**Problem to solve:**
From the listing that follows, reproduce only the lines from the one holding "Breitling Avenger Automatic" through the one holding "AltRider Crash Bars", both included, with no pictures.

**Data to process:**
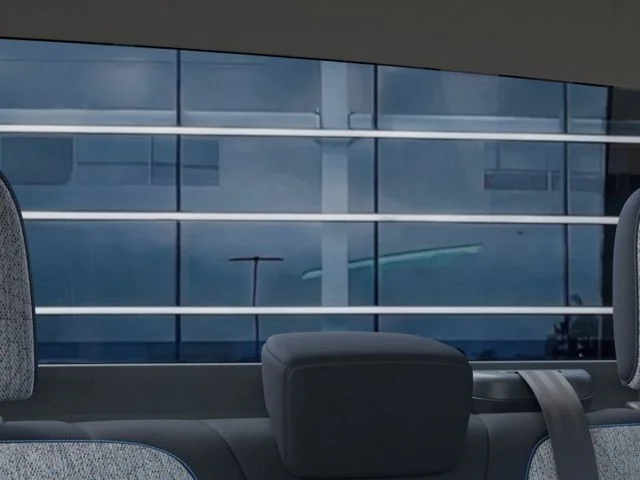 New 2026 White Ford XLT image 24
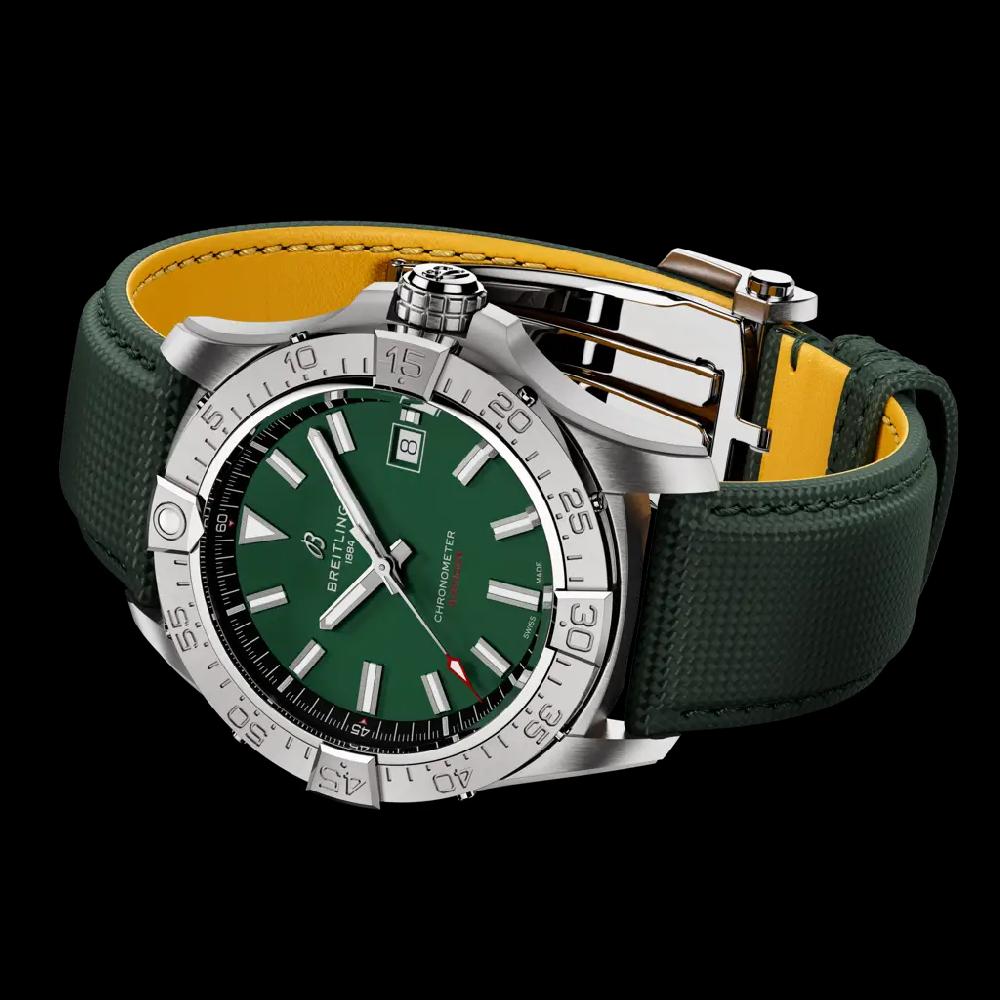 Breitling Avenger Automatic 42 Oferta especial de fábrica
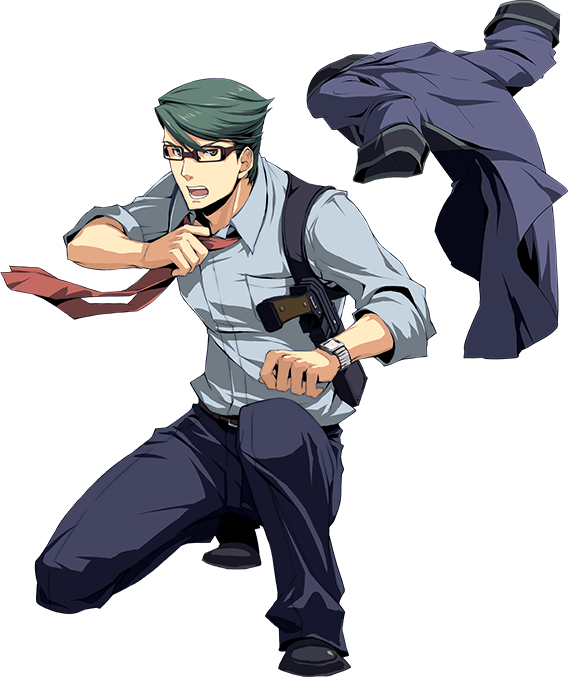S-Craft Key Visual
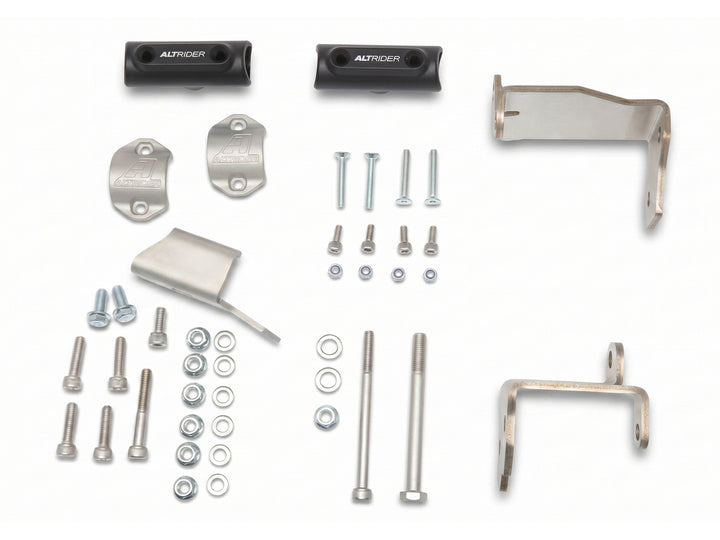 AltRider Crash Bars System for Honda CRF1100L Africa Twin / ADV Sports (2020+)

==

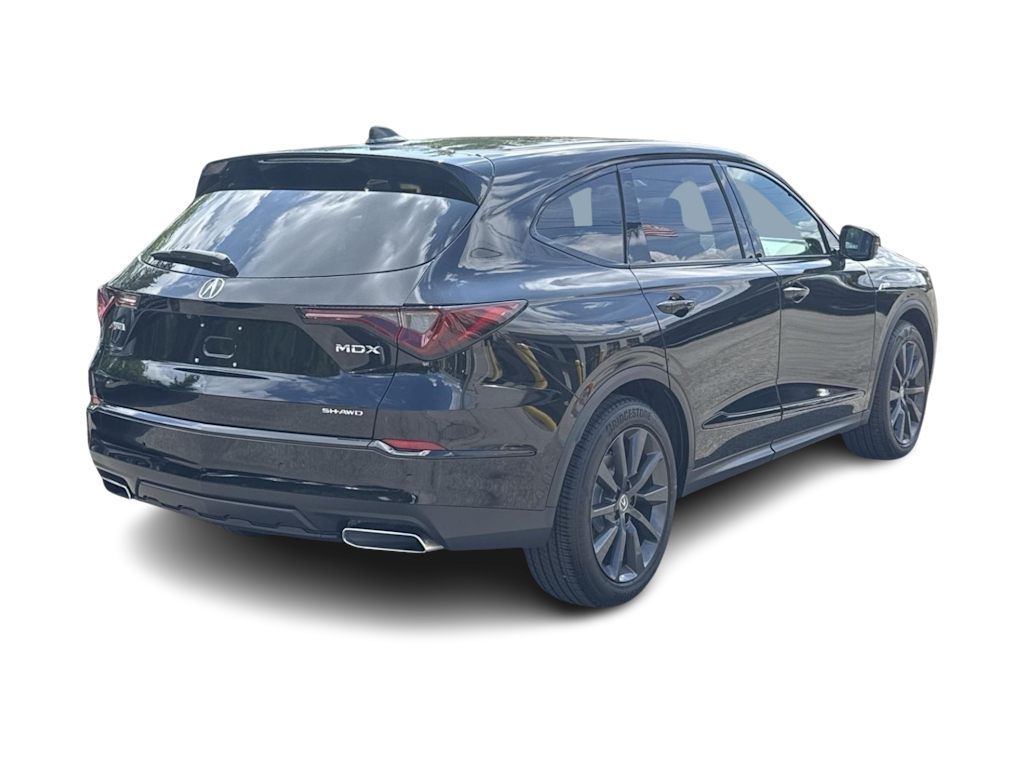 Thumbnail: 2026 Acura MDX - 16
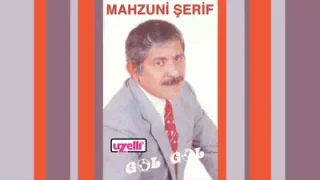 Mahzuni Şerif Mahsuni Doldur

--

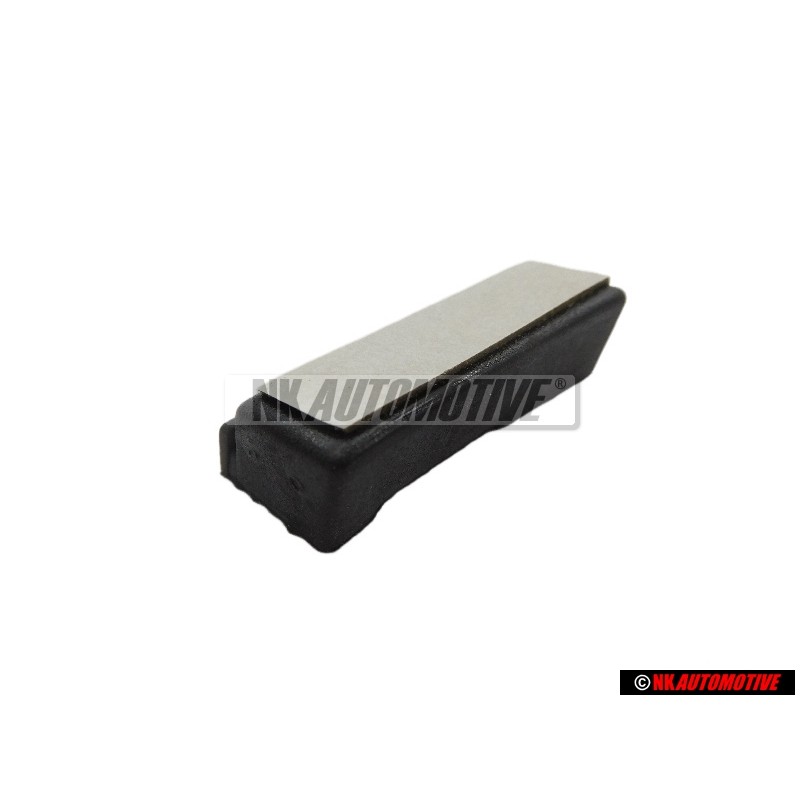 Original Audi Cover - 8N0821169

**Exercise response:**
 Breitling Avenger Automatic 42 Oferta especial de fábrica
S-Craft Key Visual
 AltRider Crash Bars System for Honda CRF1100L Africa Twin / ADV Sports (2020+)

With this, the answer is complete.